Not going to happen. There are exposure limits for most of those (set by HSE to prevent harm.) It is very rare indeed, maybe unknown (in the normal railway operating environment) for any contaminant to get anywhere near the limit set for 8 hours continuous exposure, let alone the higher limit tolerable for a 15-minute period which used to be set. Believe me, I spent half my working life making the measurements.

On top of that, finding sensors robust enough - and then keeping them all in calibration - would be an almost impossible task. You could never add this problem into a loco cab on top of just keeping railway traction units serviceable.

Over and over again I found that a multi-gas instrument was unusable simply because one sensor had failed or gone out of calibration. A company in Stockport (who also do wiring looms for loco cabs, I think) developed a brilliant instrument concept where the sensor with its calibration software was on a module which could be swapped out for calibration or to change the instrument to what you wanted to measure. It should have been a world-beater.
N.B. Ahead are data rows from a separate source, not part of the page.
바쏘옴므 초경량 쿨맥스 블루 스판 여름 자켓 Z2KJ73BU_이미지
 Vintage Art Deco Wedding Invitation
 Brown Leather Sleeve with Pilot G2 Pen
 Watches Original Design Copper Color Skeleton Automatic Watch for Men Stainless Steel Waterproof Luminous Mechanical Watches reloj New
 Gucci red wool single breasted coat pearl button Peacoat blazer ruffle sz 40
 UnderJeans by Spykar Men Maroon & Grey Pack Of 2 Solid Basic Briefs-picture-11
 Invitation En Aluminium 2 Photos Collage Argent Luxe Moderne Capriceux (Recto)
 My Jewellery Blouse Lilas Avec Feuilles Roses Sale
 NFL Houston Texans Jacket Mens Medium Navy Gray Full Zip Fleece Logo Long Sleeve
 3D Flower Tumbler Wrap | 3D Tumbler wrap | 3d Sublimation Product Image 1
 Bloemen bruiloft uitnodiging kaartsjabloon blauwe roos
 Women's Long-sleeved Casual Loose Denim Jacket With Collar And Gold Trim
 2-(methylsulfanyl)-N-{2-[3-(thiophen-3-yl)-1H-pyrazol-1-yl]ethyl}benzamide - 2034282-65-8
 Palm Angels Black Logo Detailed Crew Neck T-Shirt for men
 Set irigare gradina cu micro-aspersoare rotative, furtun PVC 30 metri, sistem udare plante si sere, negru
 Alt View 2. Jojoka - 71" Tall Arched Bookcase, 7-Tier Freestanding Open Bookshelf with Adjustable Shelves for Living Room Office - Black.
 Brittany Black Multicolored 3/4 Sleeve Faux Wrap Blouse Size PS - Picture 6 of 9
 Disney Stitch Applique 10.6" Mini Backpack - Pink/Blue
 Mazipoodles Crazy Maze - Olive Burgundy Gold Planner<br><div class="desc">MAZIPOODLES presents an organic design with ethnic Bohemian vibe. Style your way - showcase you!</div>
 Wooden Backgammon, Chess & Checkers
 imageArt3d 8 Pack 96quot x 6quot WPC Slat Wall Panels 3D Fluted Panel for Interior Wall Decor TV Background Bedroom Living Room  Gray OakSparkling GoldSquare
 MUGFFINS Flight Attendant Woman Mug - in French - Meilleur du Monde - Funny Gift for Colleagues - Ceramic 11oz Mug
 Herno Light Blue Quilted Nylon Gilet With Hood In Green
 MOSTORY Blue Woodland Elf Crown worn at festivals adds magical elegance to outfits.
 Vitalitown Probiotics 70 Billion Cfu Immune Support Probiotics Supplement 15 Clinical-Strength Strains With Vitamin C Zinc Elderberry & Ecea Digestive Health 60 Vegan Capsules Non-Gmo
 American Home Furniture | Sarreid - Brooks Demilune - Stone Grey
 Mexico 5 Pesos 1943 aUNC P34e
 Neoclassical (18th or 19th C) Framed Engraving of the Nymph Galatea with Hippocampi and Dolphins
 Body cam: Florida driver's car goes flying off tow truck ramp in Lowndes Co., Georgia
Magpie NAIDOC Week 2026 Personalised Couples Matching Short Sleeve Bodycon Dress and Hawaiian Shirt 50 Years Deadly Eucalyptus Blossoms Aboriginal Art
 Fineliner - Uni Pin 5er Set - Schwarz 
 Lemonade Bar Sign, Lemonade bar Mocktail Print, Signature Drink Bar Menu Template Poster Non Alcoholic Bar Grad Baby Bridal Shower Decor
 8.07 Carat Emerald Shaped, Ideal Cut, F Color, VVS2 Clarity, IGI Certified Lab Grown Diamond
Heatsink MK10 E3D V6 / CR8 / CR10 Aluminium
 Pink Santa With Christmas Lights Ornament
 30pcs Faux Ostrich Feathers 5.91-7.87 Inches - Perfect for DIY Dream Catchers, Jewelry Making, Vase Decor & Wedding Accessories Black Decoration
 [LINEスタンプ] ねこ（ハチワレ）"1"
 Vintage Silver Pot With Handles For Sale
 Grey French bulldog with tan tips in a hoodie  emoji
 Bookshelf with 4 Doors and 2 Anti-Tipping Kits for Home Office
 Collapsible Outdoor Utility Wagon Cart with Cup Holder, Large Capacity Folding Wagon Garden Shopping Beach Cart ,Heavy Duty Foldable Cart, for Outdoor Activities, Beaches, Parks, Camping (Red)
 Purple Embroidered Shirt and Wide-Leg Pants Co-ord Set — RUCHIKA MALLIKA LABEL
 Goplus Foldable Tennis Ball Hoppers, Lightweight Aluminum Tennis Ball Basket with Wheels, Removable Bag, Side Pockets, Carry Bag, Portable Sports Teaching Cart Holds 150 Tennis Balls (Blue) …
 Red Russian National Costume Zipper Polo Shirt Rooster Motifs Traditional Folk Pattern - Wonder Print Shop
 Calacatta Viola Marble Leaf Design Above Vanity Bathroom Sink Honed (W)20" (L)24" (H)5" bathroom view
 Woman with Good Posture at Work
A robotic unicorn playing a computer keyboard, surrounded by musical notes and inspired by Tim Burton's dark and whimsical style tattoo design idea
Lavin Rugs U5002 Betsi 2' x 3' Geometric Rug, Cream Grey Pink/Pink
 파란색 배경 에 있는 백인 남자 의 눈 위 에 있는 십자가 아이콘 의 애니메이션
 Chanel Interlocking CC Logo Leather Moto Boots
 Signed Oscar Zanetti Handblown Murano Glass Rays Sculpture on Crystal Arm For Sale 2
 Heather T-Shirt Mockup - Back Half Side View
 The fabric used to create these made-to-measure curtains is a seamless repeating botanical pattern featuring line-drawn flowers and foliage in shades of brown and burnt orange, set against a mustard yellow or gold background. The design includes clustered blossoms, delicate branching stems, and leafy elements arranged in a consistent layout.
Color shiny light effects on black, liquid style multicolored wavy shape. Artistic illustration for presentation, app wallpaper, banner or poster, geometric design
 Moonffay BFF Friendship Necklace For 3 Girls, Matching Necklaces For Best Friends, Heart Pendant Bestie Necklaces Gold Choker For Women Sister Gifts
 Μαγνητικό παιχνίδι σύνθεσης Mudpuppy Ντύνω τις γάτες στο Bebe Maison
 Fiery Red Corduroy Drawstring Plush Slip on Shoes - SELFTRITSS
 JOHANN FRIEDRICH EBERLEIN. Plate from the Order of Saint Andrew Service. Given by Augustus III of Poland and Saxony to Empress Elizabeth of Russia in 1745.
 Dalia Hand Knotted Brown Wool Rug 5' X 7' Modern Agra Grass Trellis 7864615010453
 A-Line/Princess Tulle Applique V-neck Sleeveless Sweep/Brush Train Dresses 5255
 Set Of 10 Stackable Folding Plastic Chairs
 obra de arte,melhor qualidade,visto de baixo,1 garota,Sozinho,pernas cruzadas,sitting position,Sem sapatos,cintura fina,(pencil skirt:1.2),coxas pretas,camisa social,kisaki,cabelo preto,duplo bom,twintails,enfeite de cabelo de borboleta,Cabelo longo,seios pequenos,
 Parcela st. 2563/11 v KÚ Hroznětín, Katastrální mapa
(And by the way, if you can devise a machine to measure "air change rate" rather than some surrogate measure you might make a lot of money.)

Humidity is not a problem in its own right, but needs to be considered in conjunction with air temperature, radiant heat and physical work-rate. A few specialist instruments try to do 3 of the 4, but are fragile and expensive (besides having multiple sensors to fail.) They also don't know anything about the work rate around them!

I'm not saying everything is perfect, I can't wait for Standedge Tunnel to be electrified (or bypassed by a new electrified base tunnel) as the acid gases in diesel exhaust (NOx, maybe some SO2) trigger my asthma, to the point that I have an inhaler to hand if I go through it.

If we choose to set off in our car in the knowledge that the ventilation and a/c will make it bearable fairly quickly then that is our choice. If it's a "common user" vehicle or loco with no opening windows and a poor reputation for the reliability of the cooling or ventilation then not setting off in a furnace you can't escape from seems quite sensible.